Final answer:
The ratio of the relative abundances of the isotopes of indium with m/z = 113 to m/z = 115 is 1:3 or 25% to 75%, calculated using the definition of relative atomic mass.
Step-by-step explanation:
To calculate the ratio of the relative abundances of the two isotopes of indium with m/z = 113 and m/z = 115, given the relative atomic mass of 114.5, you can use the following formula, which is derived from the definition of relative atomic mass:
Relative Atomic Mass = (Abundance of Isotope 1 × Mass of Isotope 1) + (Abundance of Isotope 2 × Mass of Isotope 2)

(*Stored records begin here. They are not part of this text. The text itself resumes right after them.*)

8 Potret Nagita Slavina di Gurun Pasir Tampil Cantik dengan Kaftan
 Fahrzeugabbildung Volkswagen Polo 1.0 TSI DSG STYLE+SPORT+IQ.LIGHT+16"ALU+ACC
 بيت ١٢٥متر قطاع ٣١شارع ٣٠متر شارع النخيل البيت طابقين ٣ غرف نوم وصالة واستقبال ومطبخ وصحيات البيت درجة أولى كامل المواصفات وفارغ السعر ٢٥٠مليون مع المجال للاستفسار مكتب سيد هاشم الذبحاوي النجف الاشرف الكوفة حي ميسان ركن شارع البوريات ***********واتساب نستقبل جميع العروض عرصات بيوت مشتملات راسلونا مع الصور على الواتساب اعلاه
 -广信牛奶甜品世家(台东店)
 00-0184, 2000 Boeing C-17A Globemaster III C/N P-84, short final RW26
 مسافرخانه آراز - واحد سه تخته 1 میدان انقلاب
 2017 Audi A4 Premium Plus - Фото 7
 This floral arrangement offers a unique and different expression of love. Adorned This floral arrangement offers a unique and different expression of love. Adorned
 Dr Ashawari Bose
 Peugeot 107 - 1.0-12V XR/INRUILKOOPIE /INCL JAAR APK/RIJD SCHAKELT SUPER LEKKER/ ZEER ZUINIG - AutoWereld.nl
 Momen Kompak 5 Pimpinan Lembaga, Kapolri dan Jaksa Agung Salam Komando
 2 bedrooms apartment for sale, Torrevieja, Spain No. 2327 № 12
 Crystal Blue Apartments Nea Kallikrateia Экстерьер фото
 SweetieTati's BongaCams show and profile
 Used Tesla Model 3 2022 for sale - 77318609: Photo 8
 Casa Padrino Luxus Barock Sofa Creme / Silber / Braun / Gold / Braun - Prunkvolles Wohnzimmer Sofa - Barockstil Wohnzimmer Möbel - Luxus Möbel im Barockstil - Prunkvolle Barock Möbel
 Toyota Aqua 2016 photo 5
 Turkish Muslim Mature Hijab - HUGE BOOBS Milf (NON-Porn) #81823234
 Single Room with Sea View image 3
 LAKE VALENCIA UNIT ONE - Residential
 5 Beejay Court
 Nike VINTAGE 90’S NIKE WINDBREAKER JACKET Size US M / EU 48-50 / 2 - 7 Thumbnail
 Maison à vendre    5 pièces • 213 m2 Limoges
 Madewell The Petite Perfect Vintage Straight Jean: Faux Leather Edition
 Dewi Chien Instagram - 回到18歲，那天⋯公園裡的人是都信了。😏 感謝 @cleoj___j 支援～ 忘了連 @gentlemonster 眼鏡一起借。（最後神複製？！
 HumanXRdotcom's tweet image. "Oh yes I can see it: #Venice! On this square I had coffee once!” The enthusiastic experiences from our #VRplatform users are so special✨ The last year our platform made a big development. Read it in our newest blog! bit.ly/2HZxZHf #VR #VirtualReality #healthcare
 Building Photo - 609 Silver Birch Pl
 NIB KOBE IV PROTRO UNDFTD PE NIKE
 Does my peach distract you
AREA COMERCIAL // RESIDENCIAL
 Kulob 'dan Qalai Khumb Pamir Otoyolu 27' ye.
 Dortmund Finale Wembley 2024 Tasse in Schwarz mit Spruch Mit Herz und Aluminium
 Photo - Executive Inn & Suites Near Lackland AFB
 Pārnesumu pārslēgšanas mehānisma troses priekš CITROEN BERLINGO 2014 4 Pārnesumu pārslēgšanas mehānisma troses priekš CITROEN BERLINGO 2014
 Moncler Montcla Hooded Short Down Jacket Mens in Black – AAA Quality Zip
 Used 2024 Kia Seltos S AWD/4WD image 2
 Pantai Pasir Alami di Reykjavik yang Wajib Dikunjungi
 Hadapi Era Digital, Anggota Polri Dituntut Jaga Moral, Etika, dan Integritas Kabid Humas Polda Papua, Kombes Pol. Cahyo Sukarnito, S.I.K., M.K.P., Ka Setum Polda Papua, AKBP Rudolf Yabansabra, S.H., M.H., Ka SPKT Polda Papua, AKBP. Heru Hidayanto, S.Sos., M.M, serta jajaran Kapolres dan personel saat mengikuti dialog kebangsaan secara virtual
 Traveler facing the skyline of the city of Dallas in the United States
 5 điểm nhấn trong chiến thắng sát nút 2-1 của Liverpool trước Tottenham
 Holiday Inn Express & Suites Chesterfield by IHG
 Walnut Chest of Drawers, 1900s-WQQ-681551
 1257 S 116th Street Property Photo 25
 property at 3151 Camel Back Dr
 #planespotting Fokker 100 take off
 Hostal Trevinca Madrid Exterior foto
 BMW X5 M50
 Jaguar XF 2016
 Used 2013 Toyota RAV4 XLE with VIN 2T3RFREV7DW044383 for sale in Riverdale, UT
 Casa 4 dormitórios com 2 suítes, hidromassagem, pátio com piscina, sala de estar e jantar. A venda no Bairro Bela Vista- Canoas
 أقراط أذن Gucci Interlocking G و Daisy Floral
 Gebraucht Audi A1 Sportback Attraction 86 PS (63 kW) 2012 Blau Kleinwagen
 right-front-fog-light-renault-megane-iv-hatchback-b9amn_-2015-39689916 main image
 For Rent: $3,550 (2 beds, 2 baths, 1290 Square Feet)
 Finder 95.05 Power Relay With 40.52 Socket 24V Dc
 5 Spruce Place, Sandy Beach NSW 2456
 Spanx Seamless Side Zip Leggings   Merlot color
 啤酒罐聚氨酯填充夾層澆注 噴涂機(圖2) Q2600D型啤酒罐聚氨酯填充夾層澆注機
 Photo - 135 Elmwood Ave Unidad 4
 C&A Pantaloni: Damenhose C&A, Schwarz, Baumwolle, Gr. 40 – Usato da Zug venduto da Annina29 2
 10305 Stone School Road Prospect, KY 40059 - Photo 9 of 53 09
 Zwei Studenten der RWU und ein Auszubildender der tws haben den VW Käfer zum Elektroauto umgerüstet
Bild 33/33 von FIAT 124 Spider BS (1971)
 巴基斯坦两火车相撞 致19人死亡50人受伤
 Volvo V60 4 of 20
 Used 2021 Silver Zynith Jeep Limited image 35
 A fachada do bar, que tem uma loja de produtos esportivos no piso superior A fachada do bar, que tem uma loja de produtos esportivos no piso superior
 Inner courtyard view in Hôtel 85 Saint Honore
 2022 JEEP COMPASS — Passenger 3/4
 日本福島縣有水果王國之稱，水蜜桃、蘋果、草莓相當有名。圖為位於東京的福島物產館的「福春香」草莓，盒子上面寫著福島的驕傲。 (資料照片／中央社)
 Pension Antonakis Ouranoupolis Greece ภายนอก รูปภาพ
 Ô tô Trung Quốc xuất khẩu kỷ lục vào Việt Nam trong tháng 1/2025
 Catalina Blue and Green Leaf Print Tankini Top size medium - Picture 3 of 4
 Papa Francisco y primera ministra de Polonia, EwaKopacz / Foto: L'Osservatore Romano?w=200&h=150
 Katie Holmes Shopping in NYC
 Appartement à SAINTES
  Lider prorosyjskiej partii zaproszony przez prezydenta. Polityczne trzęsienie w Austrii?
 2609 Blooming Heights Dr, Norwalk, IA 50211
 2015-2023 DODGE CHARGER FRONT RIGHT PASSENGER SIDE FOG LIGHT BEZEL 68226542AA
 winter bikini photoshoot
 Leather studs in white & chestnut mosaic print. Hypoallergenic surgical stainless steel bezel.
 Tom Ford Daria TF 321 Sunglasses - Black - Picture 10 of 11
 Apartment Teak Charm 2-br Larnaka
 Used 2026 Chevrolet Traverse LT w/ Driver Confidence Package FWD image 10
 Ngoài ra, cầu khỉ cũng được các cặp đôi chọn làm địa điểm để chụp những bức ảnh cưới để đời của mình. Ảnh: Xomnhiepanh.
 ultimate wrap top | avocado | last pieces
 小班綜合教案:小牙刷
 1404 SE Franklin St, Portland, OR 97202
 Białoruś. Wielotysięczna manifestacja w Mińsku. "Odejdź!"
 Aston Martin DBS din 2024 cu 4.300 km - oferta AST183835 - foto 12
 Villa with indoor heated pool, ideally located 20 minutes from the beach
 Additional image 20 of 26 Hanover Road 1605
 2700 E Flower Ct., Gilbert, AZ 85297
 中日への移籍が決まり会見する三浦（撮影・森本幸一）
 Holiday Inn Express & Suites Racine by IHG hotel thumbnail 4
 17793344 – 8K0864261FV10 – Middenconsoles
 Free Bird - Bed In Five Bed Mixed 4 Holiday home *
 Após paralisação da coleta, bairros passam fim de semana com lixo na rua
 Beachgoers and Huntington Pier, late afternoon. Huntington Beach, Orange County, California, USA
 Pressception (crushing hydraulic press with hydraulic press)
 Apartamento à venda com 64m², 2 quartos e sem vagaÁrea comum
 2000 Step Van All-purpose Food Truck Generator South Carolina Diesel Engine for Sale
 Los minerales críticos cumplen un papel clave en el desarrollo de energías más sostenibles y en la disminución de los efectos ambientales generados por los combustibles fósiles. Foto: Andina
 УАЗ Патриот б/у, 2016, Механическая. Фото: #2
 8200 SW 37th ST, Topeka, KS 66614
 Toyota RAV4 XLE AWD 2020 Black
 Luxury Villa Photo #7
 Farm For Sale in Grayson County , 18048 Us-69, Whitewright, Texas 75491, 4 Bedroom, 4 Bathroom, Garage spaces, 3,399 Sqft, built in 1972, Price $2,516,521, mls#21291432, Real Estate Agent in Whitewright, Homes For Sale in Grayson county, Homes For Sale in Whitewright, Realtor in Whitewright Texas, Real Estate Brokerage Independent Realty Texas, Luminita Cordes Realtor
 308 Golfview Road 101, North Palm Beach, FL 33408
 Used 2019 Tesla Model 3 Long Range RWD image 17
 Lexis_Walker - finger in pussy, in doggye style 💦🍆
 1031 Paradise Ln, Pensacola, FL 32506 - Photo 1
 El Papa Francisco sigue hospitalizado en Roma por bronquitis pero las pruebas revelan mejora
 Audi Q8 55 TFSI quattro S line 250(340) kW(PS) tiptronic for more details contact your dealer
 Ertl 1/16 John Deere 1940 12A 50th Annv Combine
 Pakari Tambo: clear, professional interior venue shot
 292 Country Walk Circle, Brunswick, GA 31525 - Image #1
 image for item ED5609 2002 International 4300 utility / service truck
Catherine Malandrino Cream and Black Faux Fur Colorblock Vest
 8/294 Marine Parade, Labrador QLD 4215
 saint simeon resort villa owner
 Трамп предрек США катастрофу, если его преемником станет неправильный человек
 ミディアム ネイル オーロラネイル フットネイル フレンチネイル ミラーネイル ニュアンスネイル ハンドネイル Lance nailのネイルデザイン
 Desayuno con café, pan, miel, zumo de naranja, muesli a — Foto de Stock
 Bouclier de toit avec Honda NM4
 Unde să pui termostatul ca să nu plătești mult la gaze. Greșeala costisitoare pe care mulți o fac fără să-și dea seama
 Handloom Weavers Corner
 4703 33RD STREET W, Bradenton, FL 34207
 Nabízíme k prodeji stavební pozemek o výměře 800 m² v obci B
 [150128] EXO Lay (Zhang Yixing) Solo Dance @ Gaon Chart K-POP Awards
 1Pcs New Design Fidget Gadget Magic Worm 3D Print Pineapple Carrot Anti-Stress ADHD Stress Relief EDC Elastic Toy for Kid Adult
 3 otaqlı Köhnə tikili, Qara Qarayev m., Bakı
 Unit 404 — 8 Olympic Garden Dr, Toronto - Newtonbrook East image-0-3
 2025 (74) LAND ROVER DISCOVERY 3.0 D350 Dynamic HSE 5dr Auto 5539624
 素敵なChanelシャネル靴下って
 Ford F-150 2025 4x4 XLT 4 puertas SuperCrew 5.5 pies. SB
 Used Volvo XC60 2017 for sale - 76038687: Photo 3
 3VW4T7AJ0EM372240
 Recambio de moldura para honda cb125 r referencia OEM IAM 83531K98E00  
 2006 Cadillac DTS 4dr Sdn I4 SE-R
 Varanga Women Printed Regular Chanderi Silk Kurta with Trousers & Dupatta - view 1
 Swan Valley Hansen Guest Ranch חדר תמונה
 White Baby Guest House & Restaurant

In this case, let the abundance of isotope with m/z = 113 be x, and the abundance of isotope with m/z = 115 be (1-x), since the total abundance must equal 100% or 1 in fraction form. Using the given relative atomic mass:
114.5 = (x × 113) + ((1-x) × 115)
Solve for x to find the abundance of the isotope with m/z = 113:
114.5 = 113x + 115 - 115x
114.5 = 113x - 115x + 115
114.5 = -2x + 115
x = (115 - 114.5) / 2
x = 0.5 / 2
x = 0.25 or 25%
Therefore, the ratio of the relative abundances of the isotopes m/z = 113 to m/z = 115 is 1:3 or 25% to 75%.